**What the task requires:** Will you transcribe all the entries word for word, skipping the pictures they hold?

(Items from a data source)
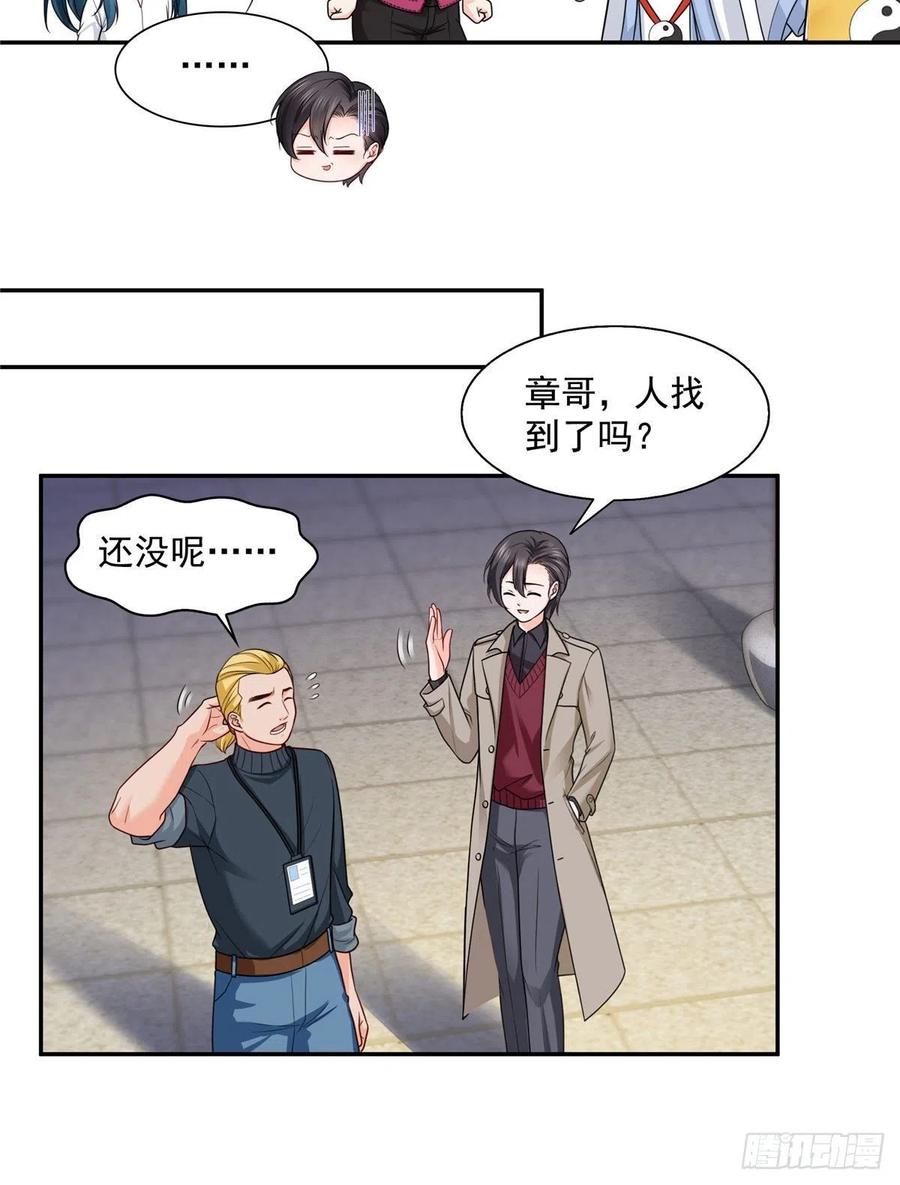 恰似寒光遇骄阳~漫画,第一百六十话世界因为有你才美好2图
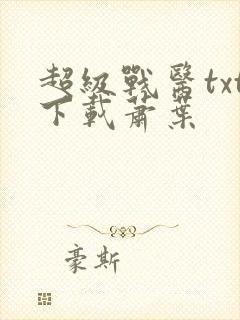 超级战医txt下载萧叶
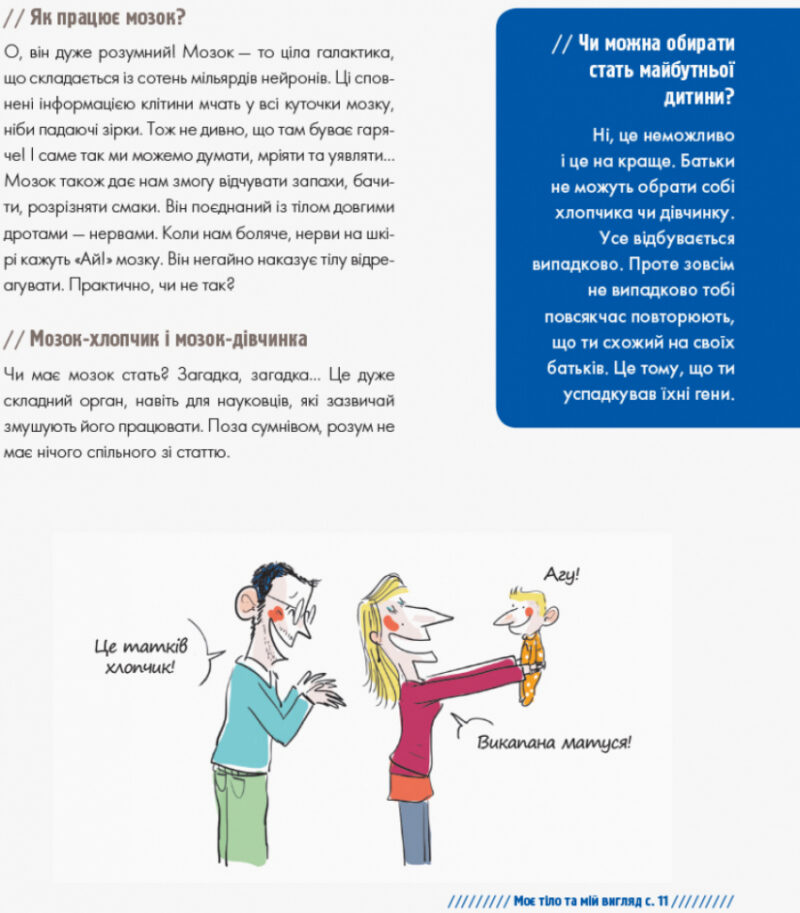 Посібник Для турботливих батьків Хлопці чудові Бути хлопцем: посібник користувача 4MAMAS ДТБ049 (9786170035585) (311146) - Зображення 9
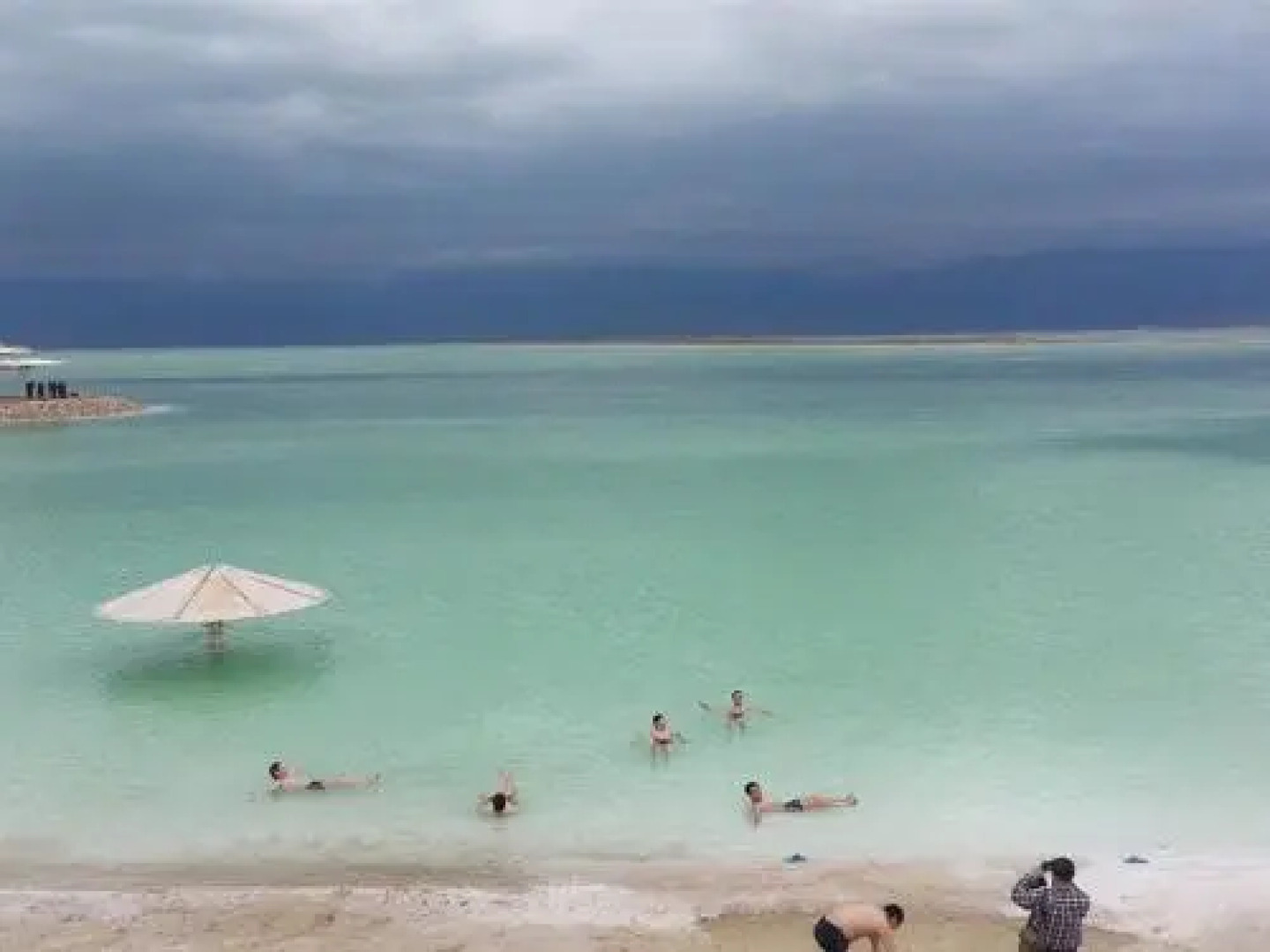 Nadia Hosting Dead Sea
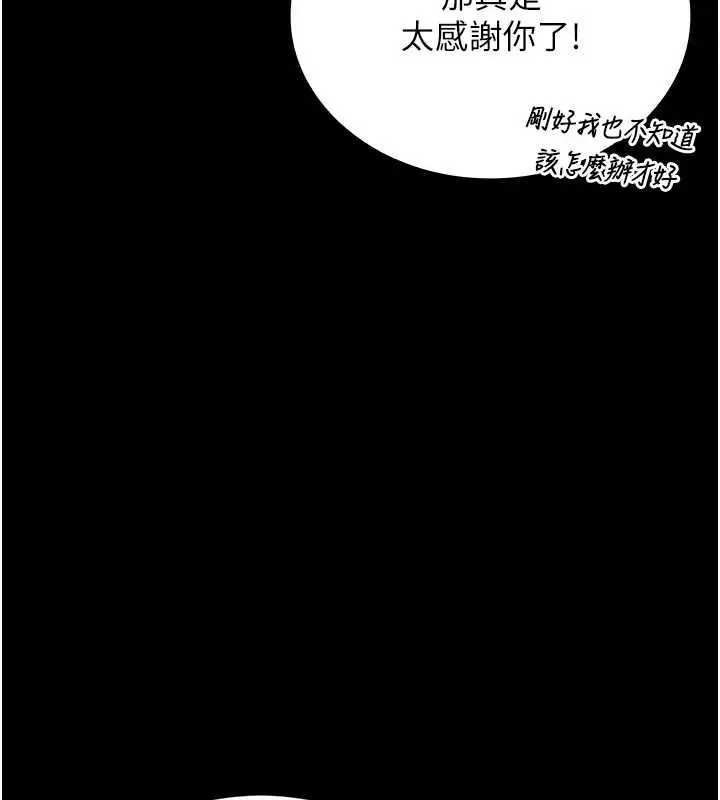 漫画《猎艳管理员》第19话第116张图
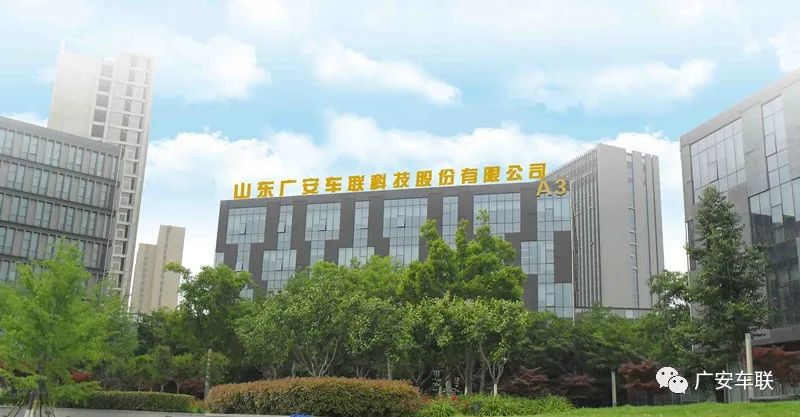 恭喜！廣安車聯(lián)榮獲省級重點培育跨境電商主體稱號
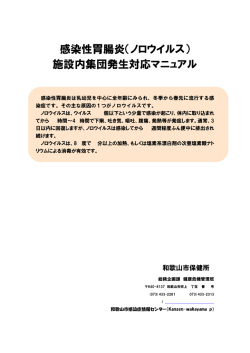 （ノロウイルス） 施設内集団発生対応マニュアル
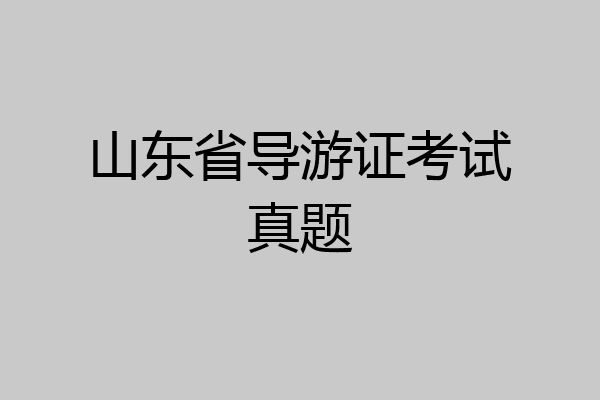 山东省导游证考试真题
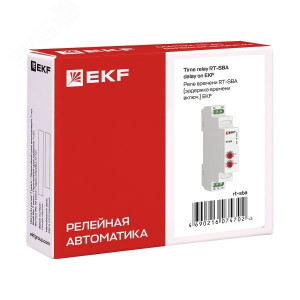 Реле времени RT-SBA rt-sba
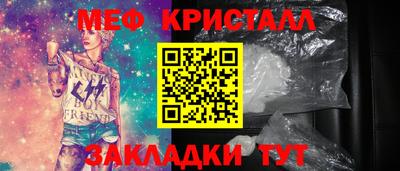 mix Татарск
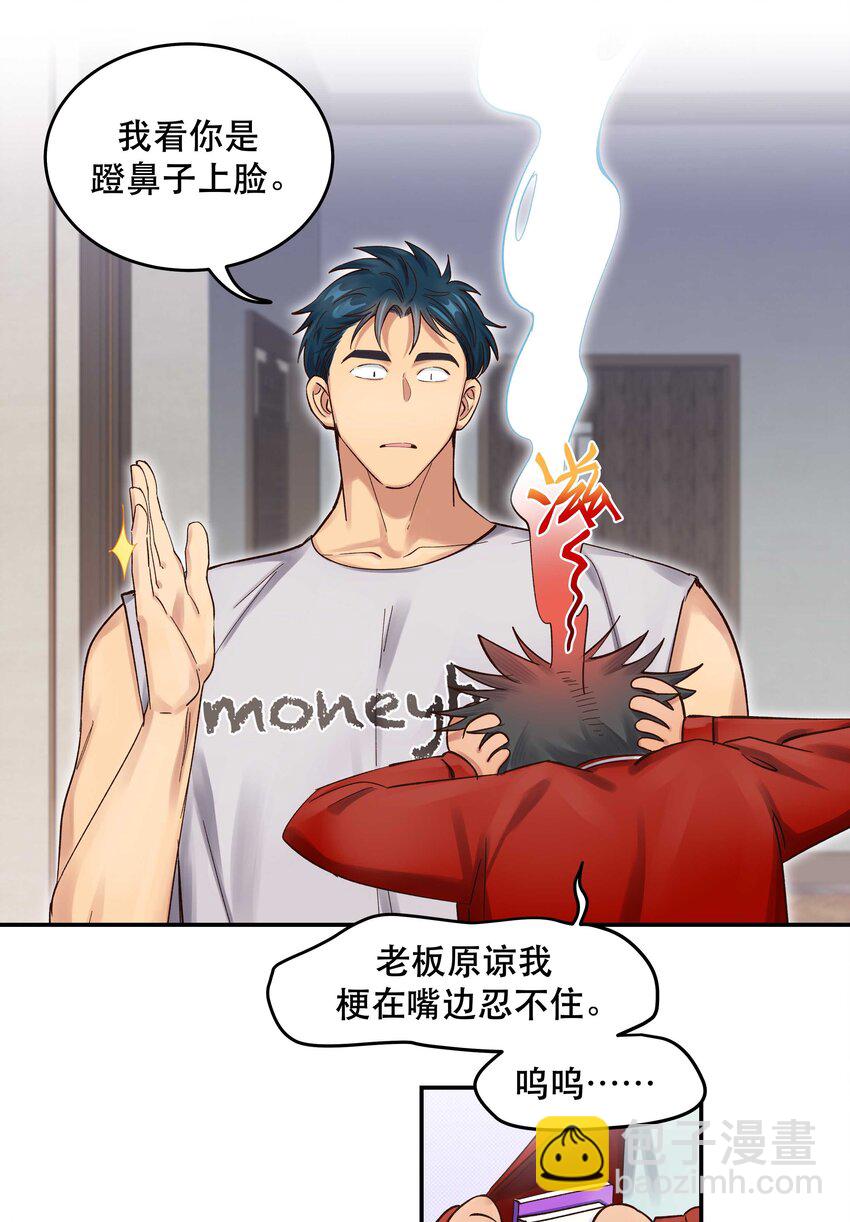 068 送您点小礼物-第71话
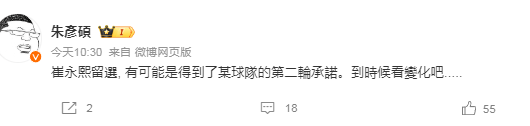 热议崔永熙参加NBA选秀：试训4队后效果显著 热搜人：可能获得某队承诺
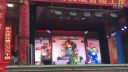 赣剧《玉堂春》上本2 乐平市赣剧团礼林朱桥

**Task result:**
 恰似寒光遇骄阳~漫画,第一百六十话世界因为有你才美好2图
 超级战医txt下载萧叶
 Посібник Для турботливих батьків Хлопці чудові Бути хлопцем: посібник користувача 4MAMAS ДТБ049 (9786170035585) (311146) - Зображення 9
 Nadia Hosting Dead Sea
 漫画《猎艳管理员》第19话第116张图
 恭喜！廣安車聯(lián)榮獲省級重點培育跨境電商主體稱號
 （ノロウイルス） 施設内集団発生対応マニュアル
 山东省导游证考试真题
 Реле времени RT-SBA rt-sba
 mix Татарск
 068 送您点小礼物-第71话
 热议崔永熙参加NBA选秀：试训4队后效果显著 热搜人：可能获得某队承诺
 赣剧《玉堂春》上本2 乐平市赣剧团礼林朱桥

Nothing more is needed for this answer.